▶ **Records provided**:
········

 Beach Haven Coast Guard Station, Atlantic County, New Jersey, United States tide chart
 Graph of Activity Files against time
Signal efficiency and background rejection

········

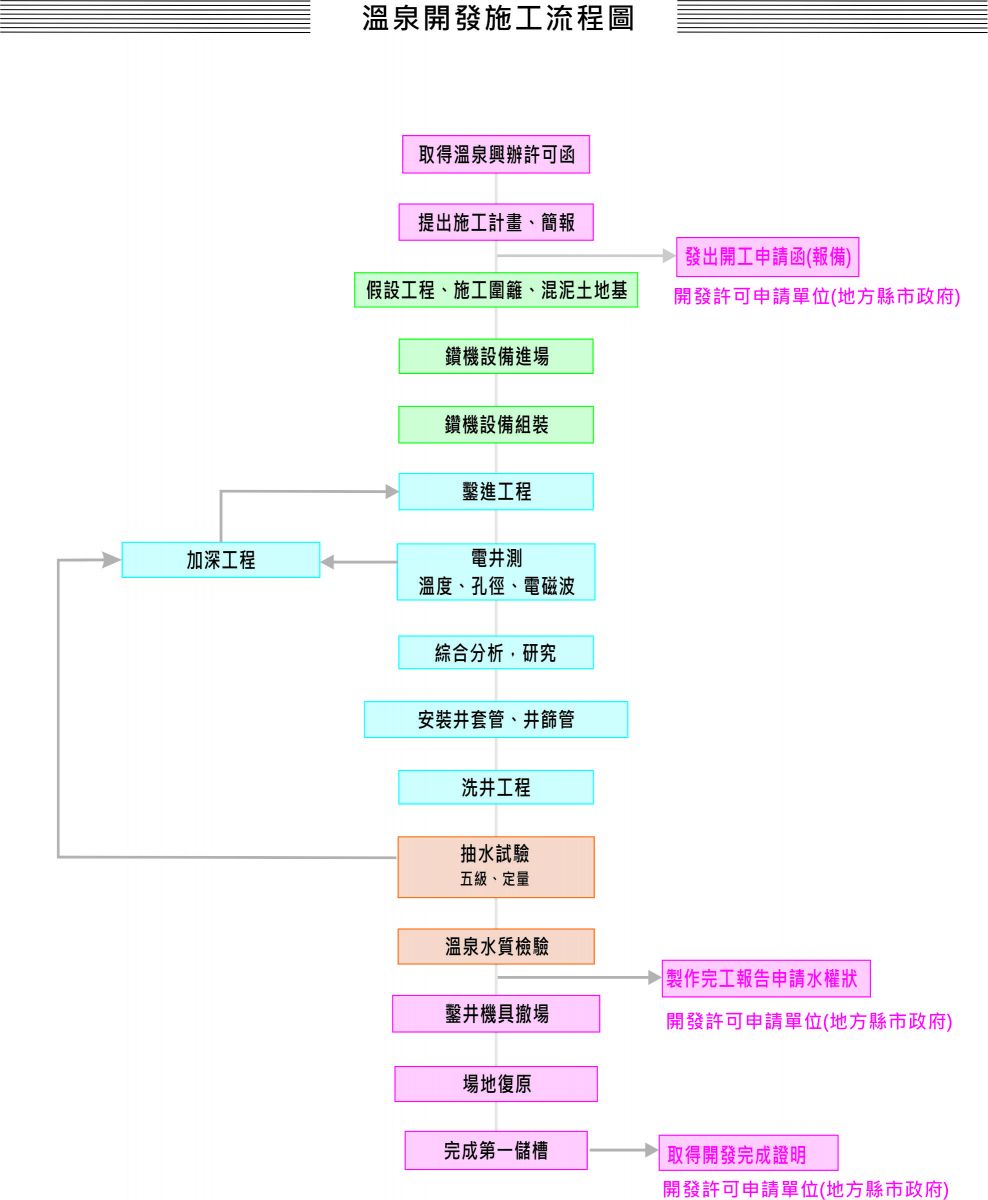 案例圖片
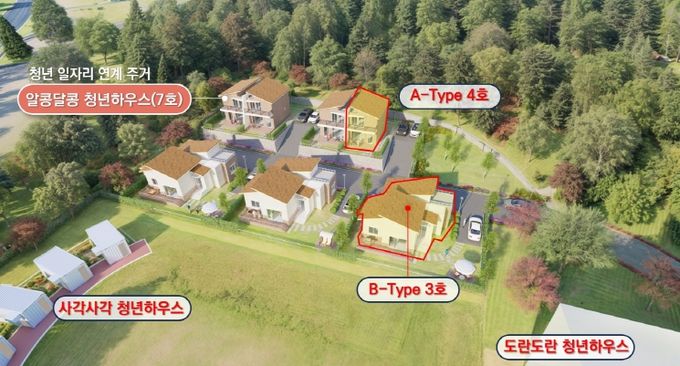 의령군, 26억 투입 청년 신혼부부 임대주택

········

▶ **The task**:
Output should match, line for line, the stretch of the material above from the line holding "Graph of Activity Files against time" through the line holding "Signal efficiency and background rejection".

▶ **Written response**:
 Graph of Activity Files against time
Signal efficiency and background rejection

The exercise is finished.